Ich bin begeistert, dasss ist zwar völlig sinnfrei. aber egal


----------



## DerKabelbinder (9. Februar 2016)

*AW: Asus Fan Extension Card ist angekommen  - 7 Gehäuselüfter + 2 für den Brocken*

Und sieht auch noch ziemlich schäbig aus, das hast du noch vergessen zu erwähnen 

@JupsVeci:
Die eLoops sind schonmal ein gutes Fundament. Haben zwar ein kaum legitimierbate P/L, sind dafür aber immerhin sehr leise. Nur bringt dir letzteres nichts, wenn im vorderen Bereich dann die Pure Wings oder Wing Boost dazukommen. Die kannst du dann zwar bei minimaler Drehzahl laufen lassen - optimal sind sie für ein moglichst leises System (in meinen Augen bzw. Ohren) allerdings nicht.


----------



## mrmurphy007 (9. Februar 2016)

*AW: Asus Fan Extension Card ist angekommen  - 7 Gehäuselüfter + 2 für den Brocken*

Wo hast du die Karte denn her bekommen? Ich hatte schon mal geguckt, wo es die gibt, aber konnte nichts finden. 

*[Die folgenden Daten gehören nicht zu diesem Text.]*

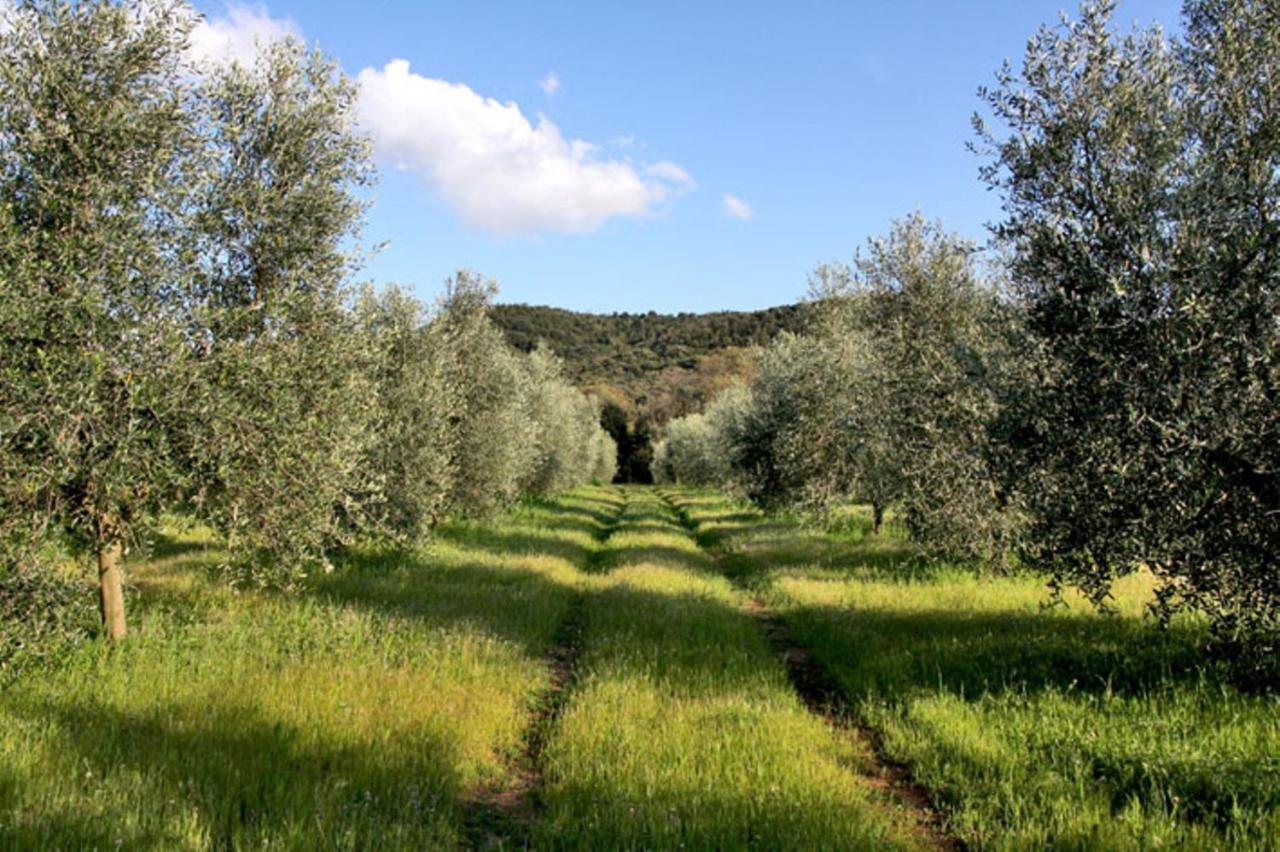 Agriturismo Podere Campalto Campiglia Marittima Oda fotoğraf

Ich finde es zwar spannend, was du machst, aber ein paar y-Kabel wären wohl einfacher gewesen


----------



## nWo-Wolfpac (9. Februar 2016)

*AW: Asus Fan Extension Card ist angekommen  - 7 Gehäuselüfter + 2 für den Brocken*

Würde mich auch interessieren wo du die Karte her hast. Ich wollte mir die vor Monaten auch mal holen, aber die gibts ja nirgendwo.


----------



## JupsVeci (9. Februar 2016)

*AW: Asus Fan Extension Card ist angekommen  - 7 Gehäuselüfter + 2 für den Brocken*

Ganz ehrlich: Ebay aus den USA importiert. 
Aber dachtem ich die Karte bestellt hatte schrieb mir der asus Support das in Deutschland und Österreich die Karte noch in diesem Jahr zum Verkauf erscheinen wird. 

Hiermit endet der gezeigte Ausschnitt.